# MitchTT build thread ?



## markypoo (Sep 4, 2009)

Whats happened to MitchTT's build thread? It was locked, then an announcement was imminent now the whole thread has disappeared ????????????????????????? :roll:


----------



## SteviedTT (Apr 10, 2009)

Tell me about it mate, even PM'd JohnH and I'm still none the wiser :?


----------



## markypoo (Sep 4, 2009)

Dosent look like anyones going to answer this then :roll:


----------



## SteviedTT (Apr 10, 2009)

There's supposed to be an announcement after the weekend, but how long after the weekend is anybody's guess :?


----------



## gadgetboy38 (Mar 9, 2005)

markypoo said:


> Dosent look like anyones going to answer this then :roll:


I was thinking the same thing buddy, i've tried txting Mitch but he hasn't replied yet..


----------



## Gone (May 5, 2009)

He appears to no longer be on the forum. Whatever it is, it seems serious so it's probably best to leave alone and wait for the announcement.


----------



## ViperOneZero (Sep 4, 2008)

BOOOOOOOOOOOOM


----------



## tony_rigby_uk (Nov 27, 2008)

i also asked the question.... mainly for concern but fortuntly reassured that nobody has been hurt or ill or anything like that... so like all i'm waiting for the announcement.


----------



## Charlie (Dec 15, 2006)

There are various things going on behind the scenes, which I have been involved in for some months now. I am sure John will post up as and when he deems it to be appropriate.

Charlie


----------



## tony_rigby_uk (Nov 27, 2008)

:roll: Is it like the secret 7 ?

I get the feeling that some people thrive on the exciting behind the scenes secrets... If you didn't want people to ask whats going on... then you should have just left the thread open and let people carry on regardless and unaware until your ready to announce.. otherwise you get the "whats going on posts and pm's" when really a handful of people know the deal, and are expected to keep it under their hats???

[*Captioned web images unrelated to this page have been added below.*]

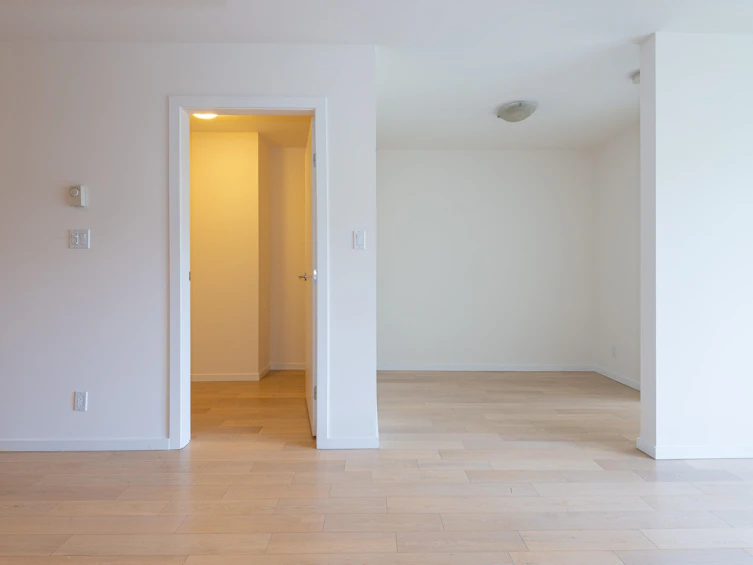 301-1887 Crowe Street, Vancouver, BC, V5Y 0B4 - 9
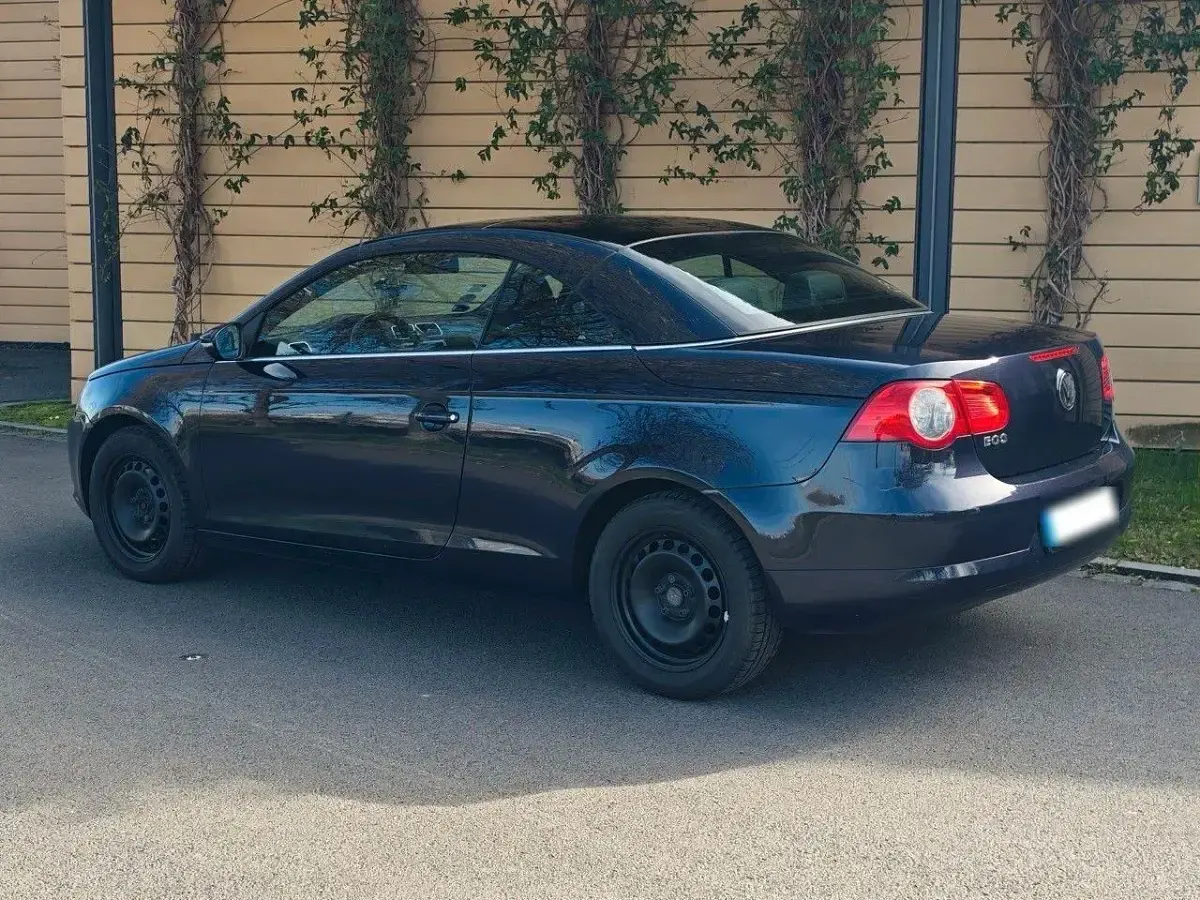 Second-hand VW Eos 122 CP (89 kW) 2010 Albastru Cabrio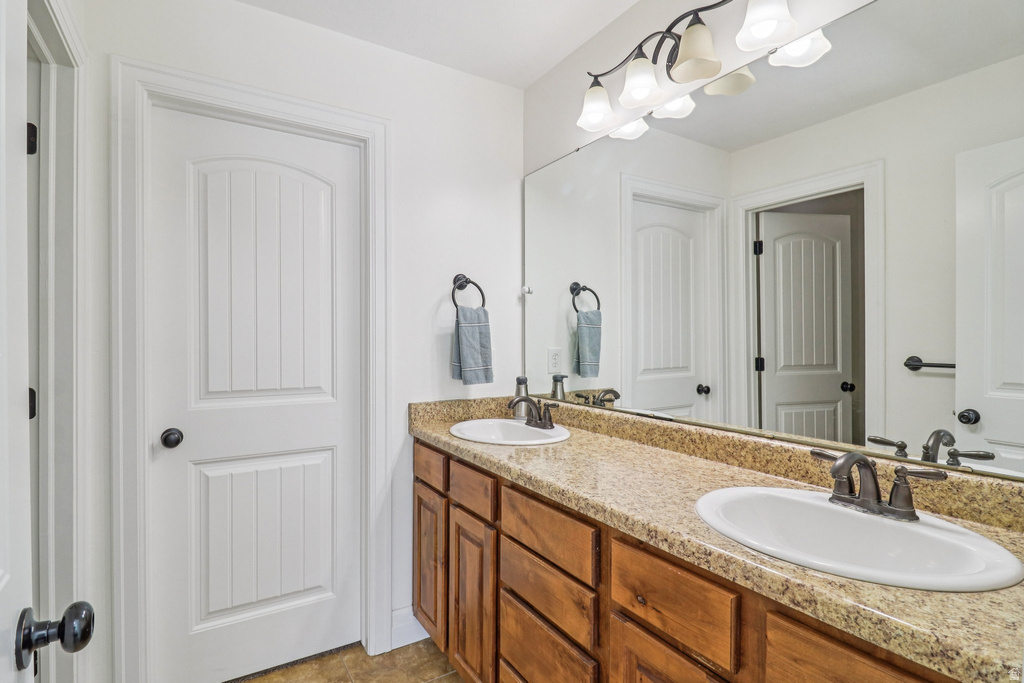 9239 S BRIGHTON VIEW DR Sandy, UT 84070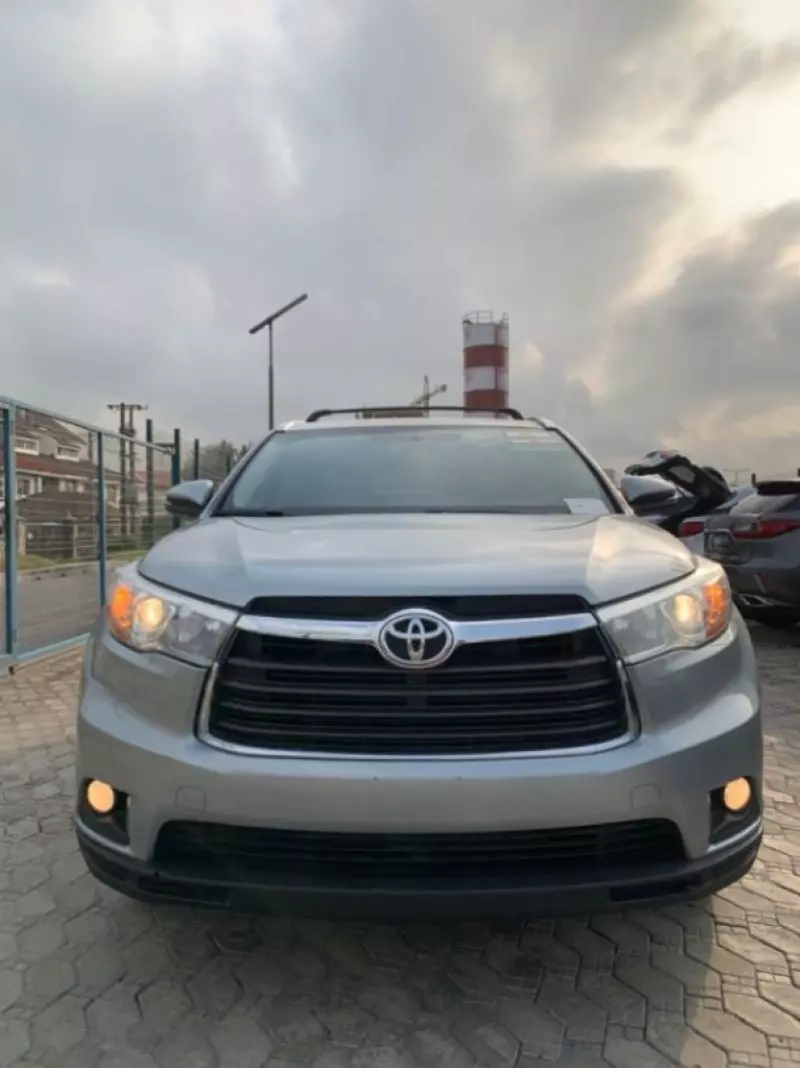 Toyota Highlander - 2016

I guess what i can't understand is why the post got locked... and then announcement pending.... and then deleted.... seems a strange way to go about it... when really it could be left open... (as there was no comments other than jam and cream) that were offensive... it's not like it was a nasty thread... so people are obviously wondering why....

also not the best model for the TTF as mich's thread has some of the best pics of a TT in building on from scratch... where else on this forum is that found?? I think for members the thread was a education and very interesting to watch evolve into the finished product...

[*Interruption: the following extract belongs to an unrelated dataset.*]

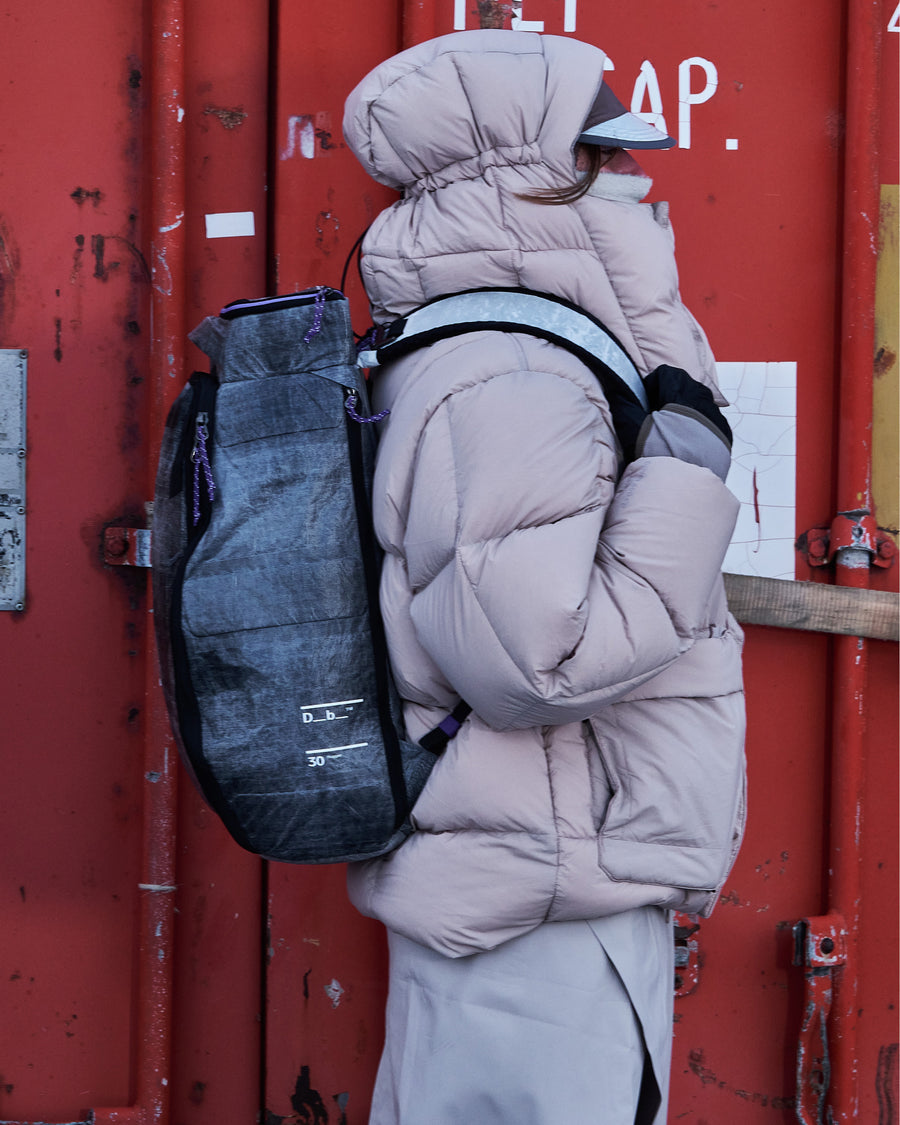Weigh Lighter Hugger Backpack 30L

Now i have no contact with mich.. and not involvement whatsoever.. and this post is purly based on the fact that the quality of the thread. Vs the rest of the daily dribble that appears.... To lose that source of pics and info on a full TT rebuild is something that will be greatly missed on the forum... and it's a shame.

THE FORUMS AREN'T FACEBOOK !!!! FORGET THE PERSONAL SHIT AND LEAVE THE INFO ON TT's THERE?? Think the true meaning of a car forum has been forgotten.

Rant over. :twisted:


----------



## markypoo (Sep 4, 2009)

Thats what I thought, announce what needs to be announced or leave it alone. So what do you have to do to get this security clearance ???? :lol:


----------



## Nem (Feb 14, 2005)

Why can't people just accept that there is obviously a reason for what has been done? I'm failing to see a need for the repeated posts about what is going on or the ridiculous rants about this subject and how it's being dealt with.

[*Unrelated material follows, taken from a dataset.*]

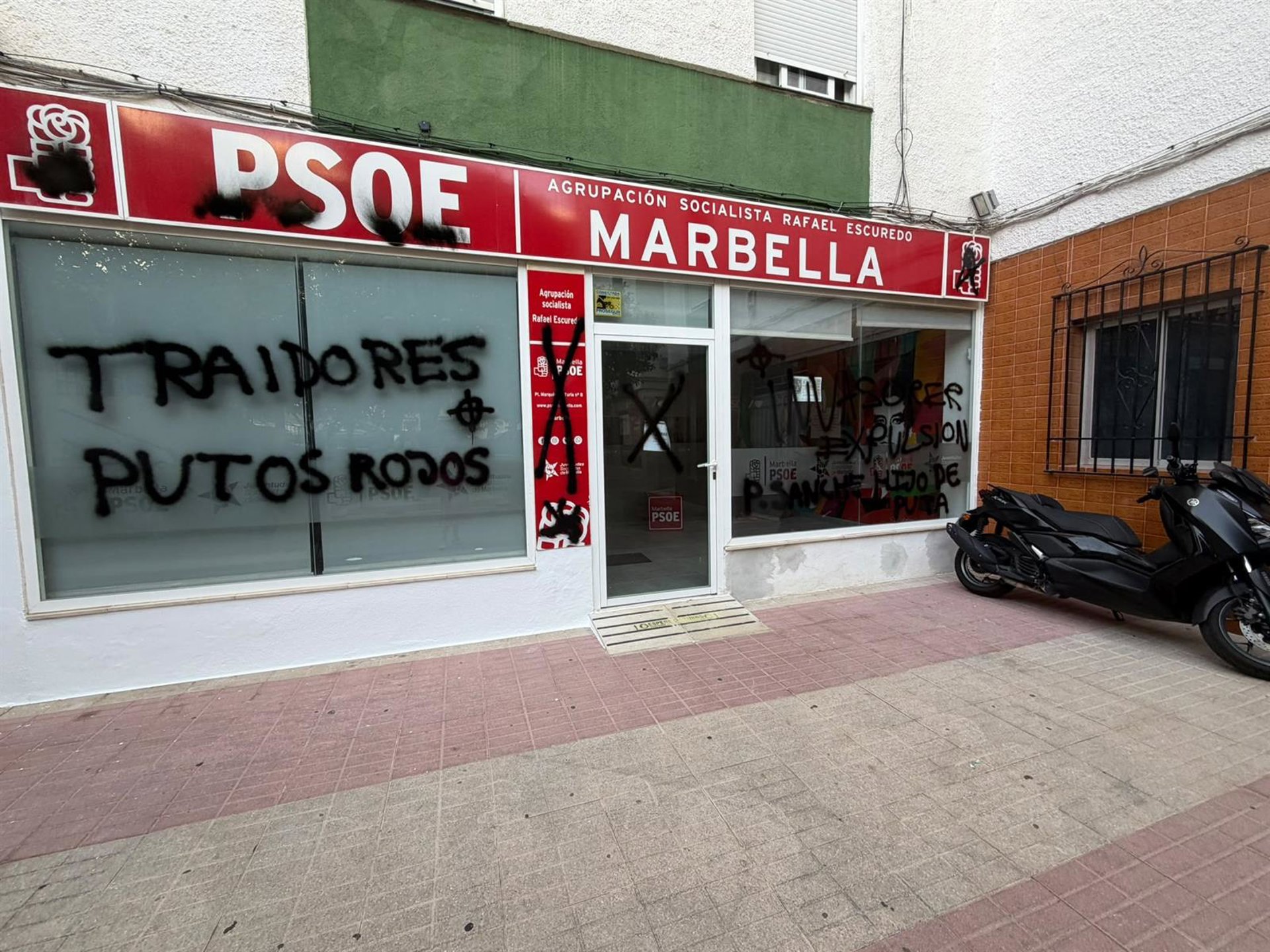 PSOE condena el vandalismo de su sede de Marbella y pide una respuesta unánime de todos los partidos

Just give it a rest, please.


----------



## ryantt180 (Jul 29, 2010)

Nem said:


> Why can't people just accept that there is obviously a reason for what has been done? I'm failing to see a need for the repeated posts about what is going on or the ridiculous rants about this subject and how it's being dealt with.
> 
> Just give it a rest, please.


lol, so delete the best thread on the ********, dont give any explanations as to why its gone, and then tell everyone to give it a rest....

:lol:

smooth move


----------



## John-H (Jul 13, 2005)

Sorry, I've only just seen this as I've been a tad busy with the magazine. We did think things would be resolved at the weekend but there has been a delay. Please accept that this is a delicate situation which we are trying to resolve for the benefit of all concerned and can not comment at present. The build thread has not been deleted and will return and peace and harmony will be resumed - just bear with us - it's all in a good cause


----------



## bigsyd (Jul 9, 2008)

Unfortunately nem, when the best post on the forum for a long time suddenly gets deleted, people are going to ask. When we are then told something behind the scene has happened, people will ask and presume.... Then to be told basically drop it... That will just get peoples backs up

Sent from my iPhone using Tapatalk


----------



## Nem (Feb 14, 2005)

I wasn't saying it was done and finished, the threads gone so drop it. I'm sorry if that's how it came across, that wasn't what I was trying to ask for.

I was simply saying just give us a little time and not keeps posting asking why, when we're not in a position to say.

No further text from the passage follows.